- [DESCRIPTION OF THE TASK] Strip out the pictures and transcribe the records that follow exactly.

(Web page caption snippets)
--------------------------------------------------
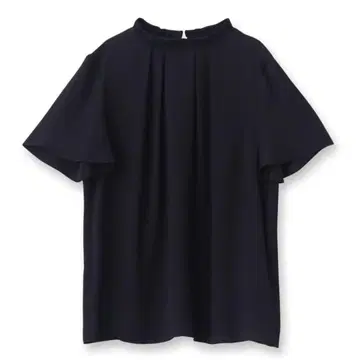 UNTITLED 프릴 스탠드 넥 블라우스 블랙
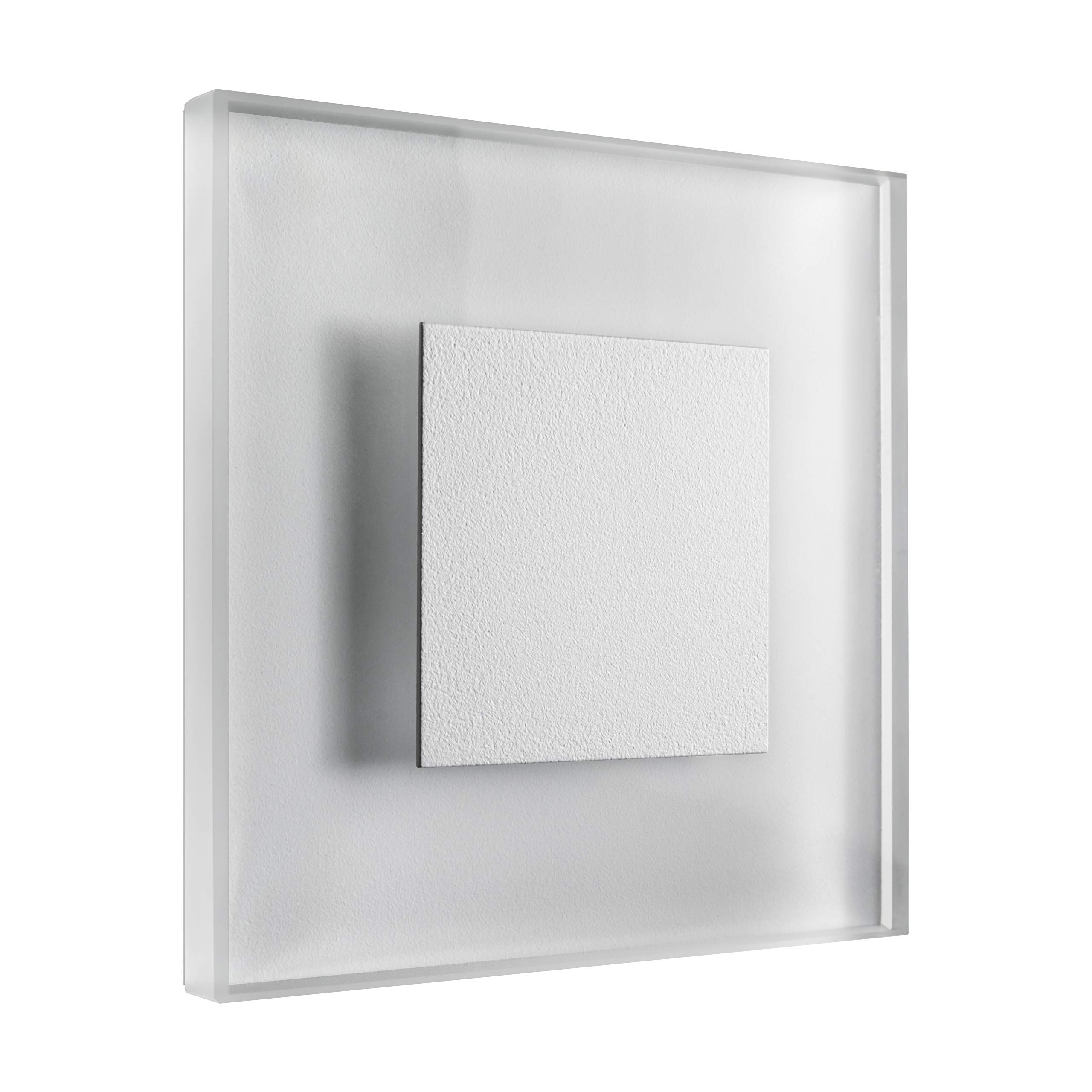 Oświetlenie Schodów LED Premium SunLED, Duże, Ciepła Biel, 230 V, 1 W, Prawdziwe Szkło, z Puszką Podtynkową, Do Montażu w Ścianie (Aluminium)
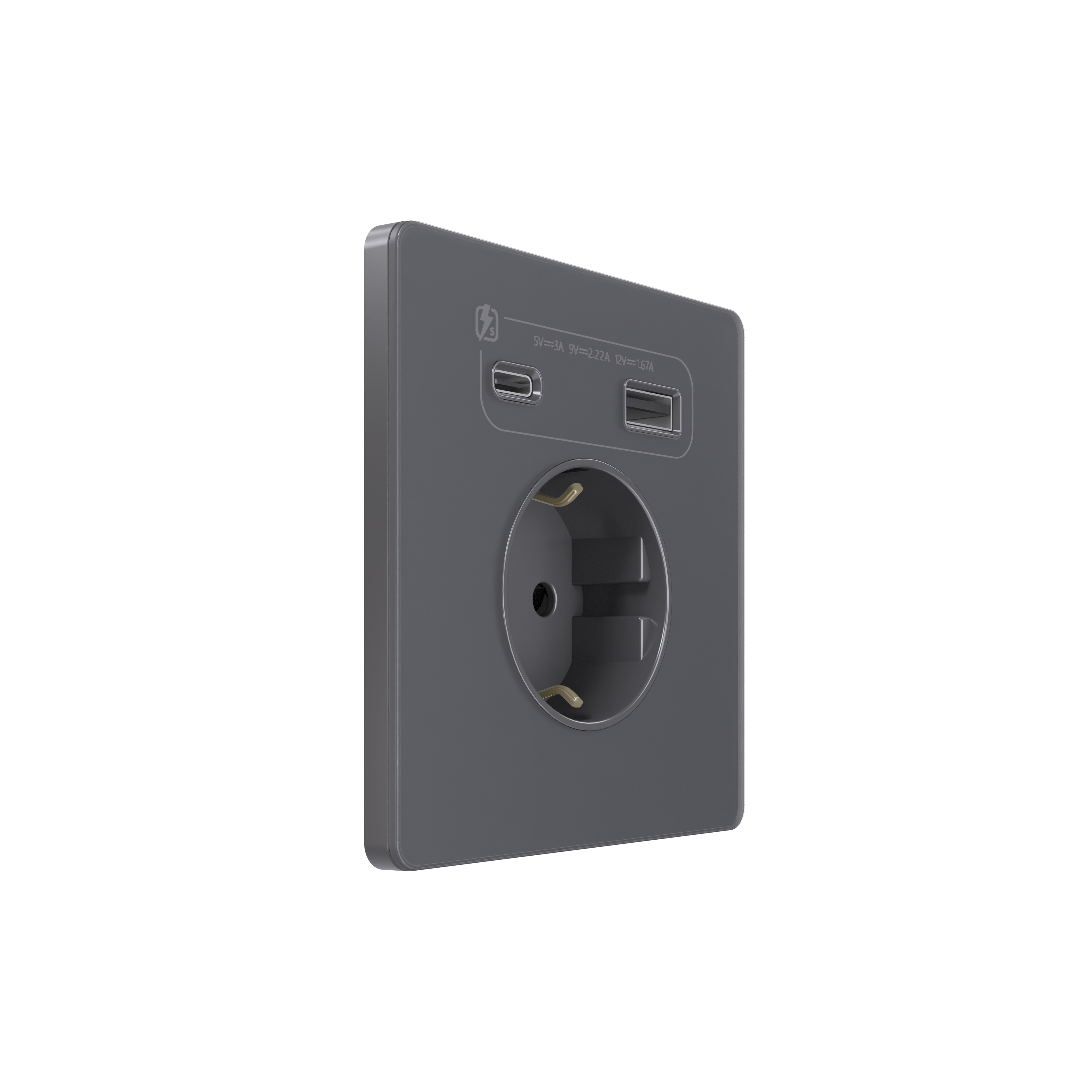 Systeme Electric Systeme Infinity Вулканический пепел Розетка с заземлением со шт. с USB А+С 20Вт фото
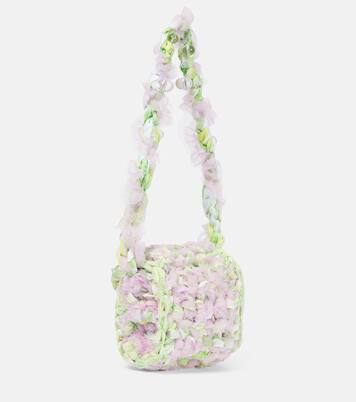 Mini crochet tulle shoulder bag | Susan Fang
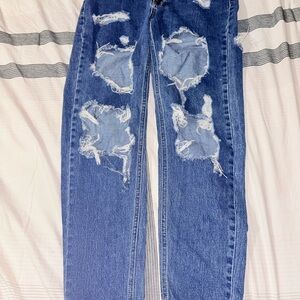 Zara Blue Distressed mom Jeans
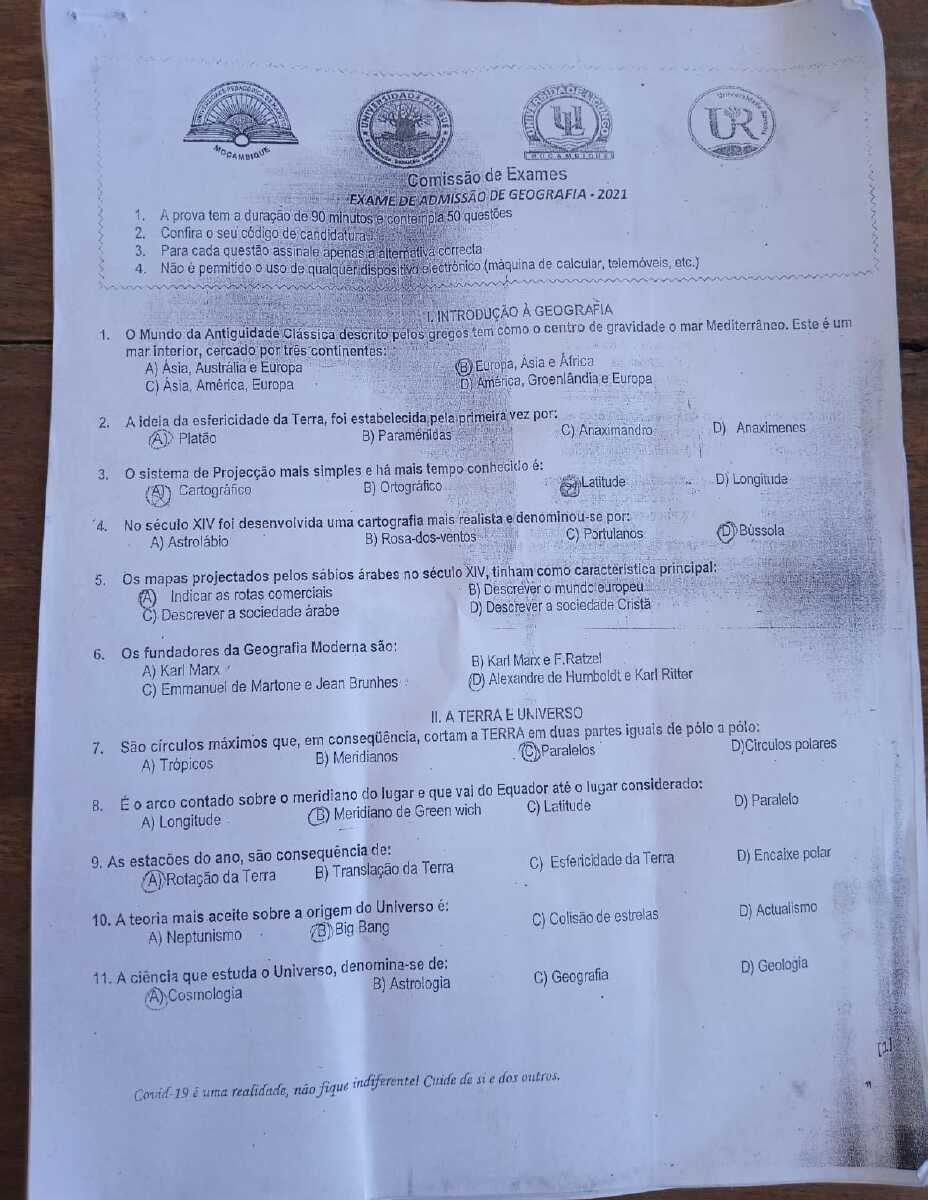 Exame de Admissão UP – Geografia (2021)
--------------------------------------------------
- [COMPLETED EXERCISE]
 UNTITLED 프릴 스탠드 넥 블라우스 블랙
 Oświetlenie Schodów LED Premium SunLED, Duże, Ciepła Biel, 230 V, 1 W, Prawdziwe Szkło, z Puszką Podtynkową, Do Montażu w Ścianie (Aluminium)
 Systeme Electric Systeme Infinity Вулканический пепел Розетка с заземлением со шт. с USB А+С 20Вт фото
 Mini crochet tulle shoulder bag | Susan Fang
 Zara Blue Distressed mom Jeans
 Exame de Admissão UP – Geografia (2021)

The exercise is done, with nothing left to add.